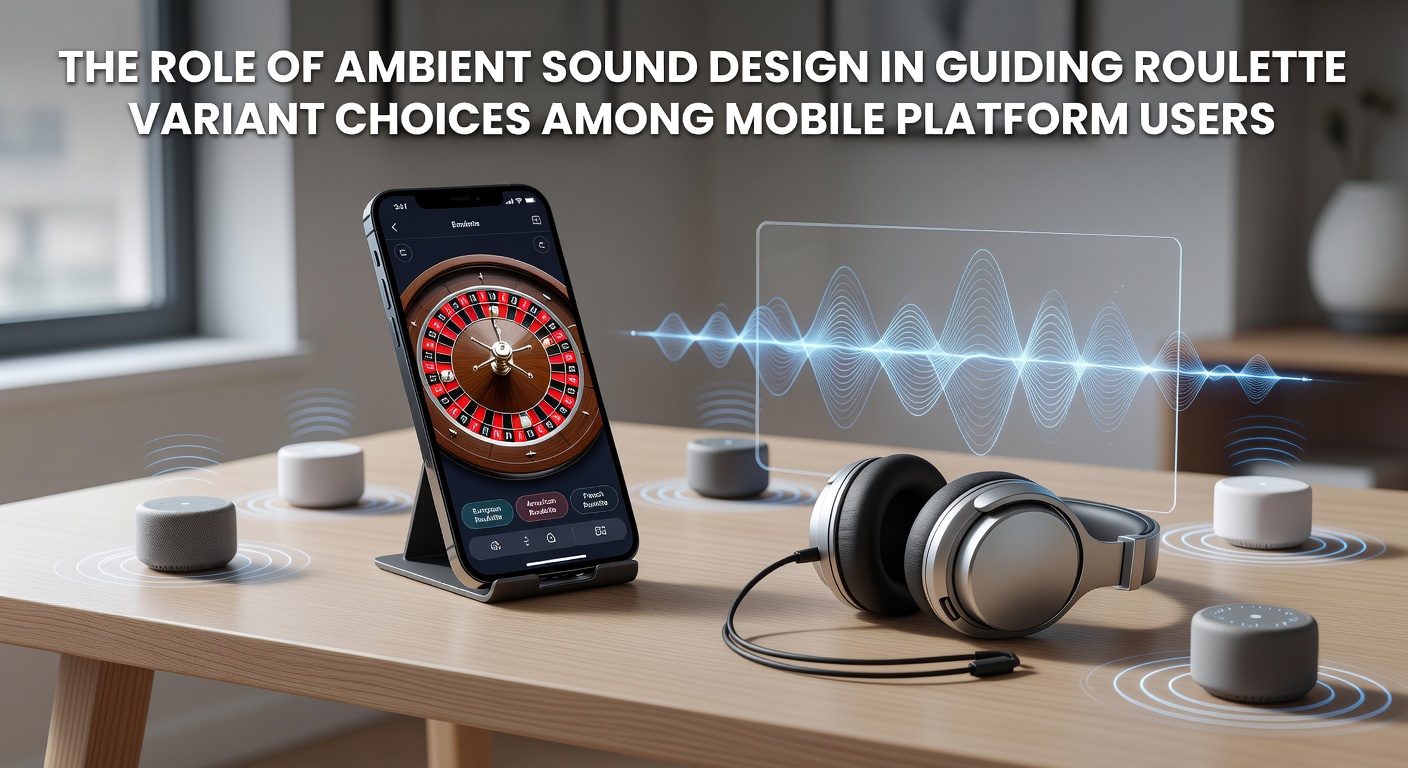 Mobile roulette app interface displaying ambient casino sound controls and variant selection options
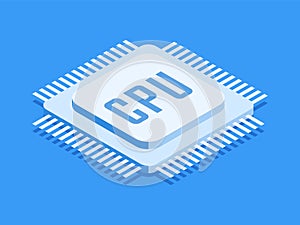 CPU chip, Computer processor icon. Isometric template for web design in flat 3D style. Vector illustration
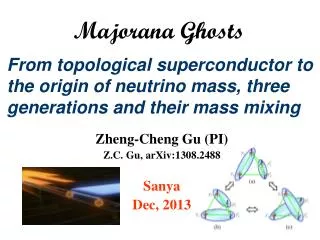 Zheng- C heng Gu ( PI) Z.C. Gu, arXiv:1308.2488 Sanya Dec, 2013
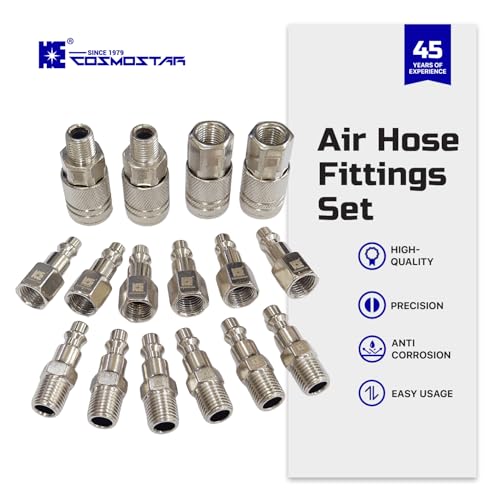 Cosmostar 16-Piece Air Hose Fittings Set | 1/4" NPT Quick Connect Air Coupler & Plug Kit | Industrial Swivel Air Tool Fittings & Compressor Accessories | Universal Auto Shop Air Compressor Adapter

Task goal | What you give back must be exactly the lines of the listing above from the line containing "CPU chip, Computer" through its last line, inclusive, without pictures, please.

Finished exercise |
 CPU chip, Computer processor icon. Isometric template for web design in flat 3D style. Vector illustration
 Zheng- C heng Gu ( PI) Z.C. Gu, arXiv:1308.2488 Sanya Dec, 2013
 Cosmostar 16-Piece Air Hose Fittings Set | 1/4" NPT Quick Connect Air Coupler & Plug Kit | Industrial Swivel Air Tool Fittings & Compressor Accessories | Universal Auto Shop Air Compressor Adapter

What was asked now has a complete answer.